**Assignment:**
Leave every image out, and print the remaining lines below exactly.

**Provided material:**
......

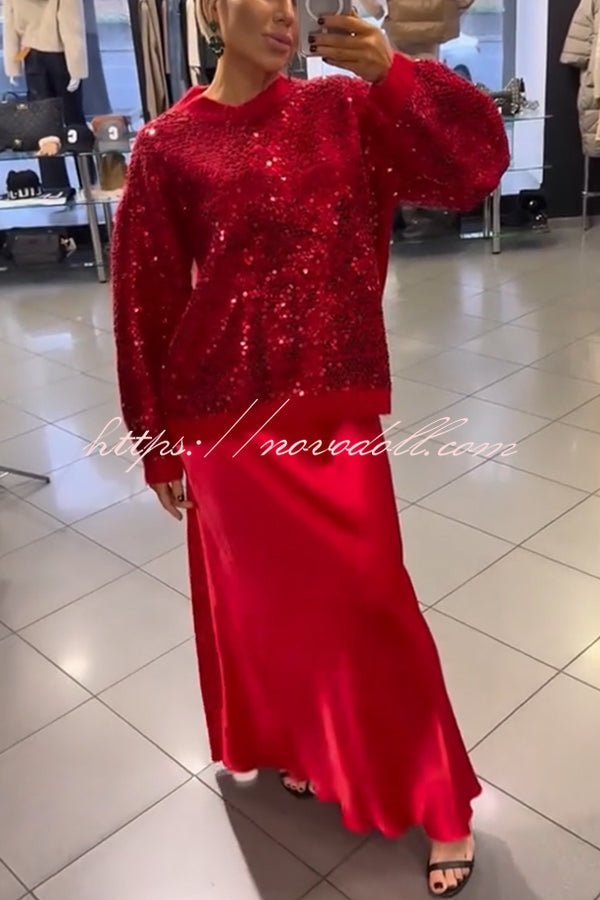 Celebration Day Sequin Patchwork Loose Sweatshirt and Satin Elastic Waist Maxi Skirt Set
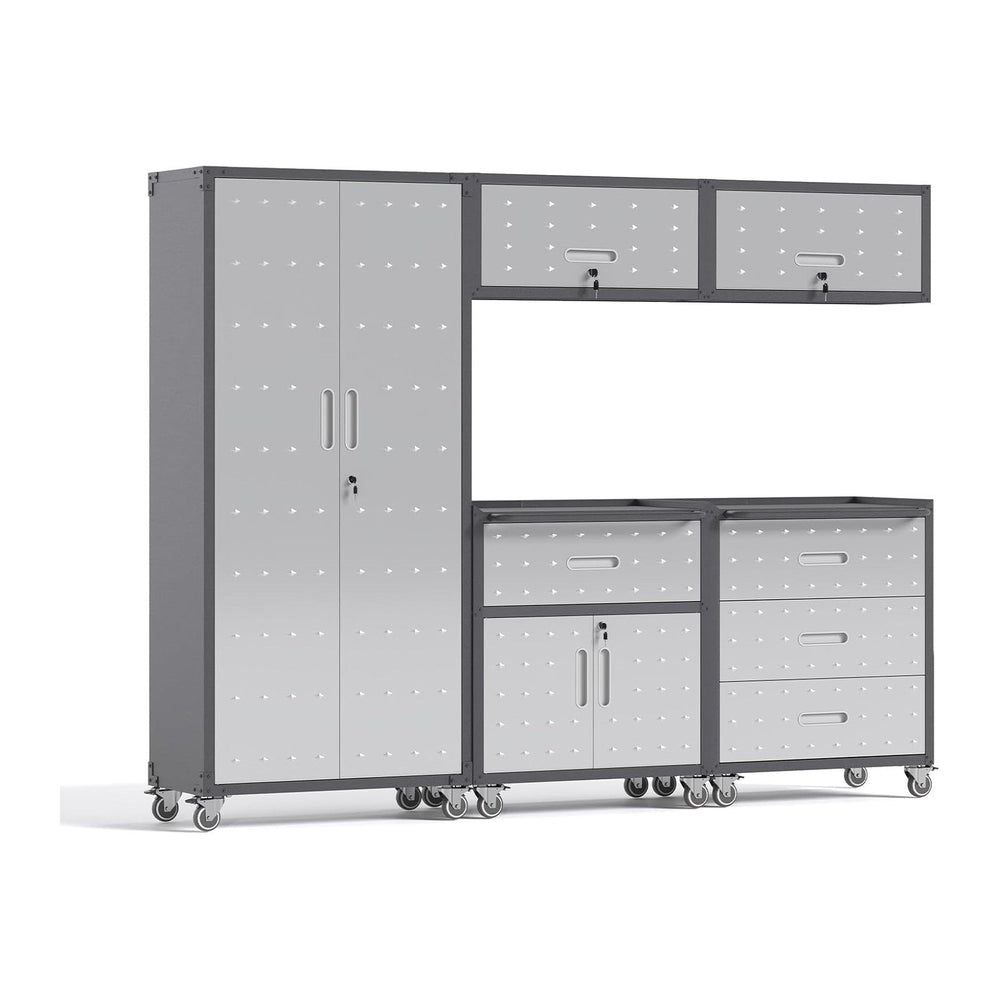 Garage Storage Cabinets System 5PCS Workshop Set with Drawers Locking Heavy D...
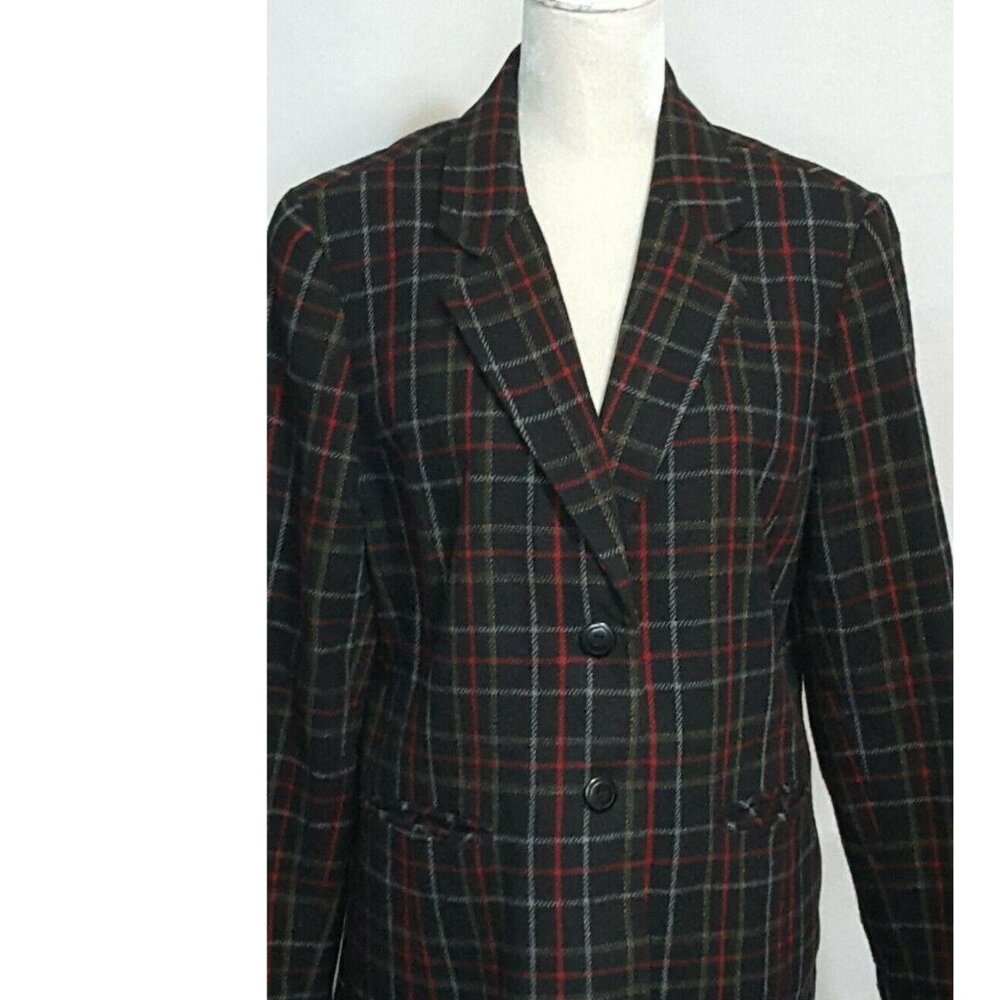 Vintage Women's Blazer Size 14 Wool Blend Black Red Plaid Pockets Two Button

......

**Answer space:**
 Celebration Day Sequin Patchwork Loose Sweatshirt and Satin Elastic Waist Maxi Skirt Set
 Garage Storage Cabinets System 5PCS Workshop Set with Drawers Locking Heavy D...
 Vintage Women's Blazer Size 14 Wool Blend Black Red Plaid Pockets Two Button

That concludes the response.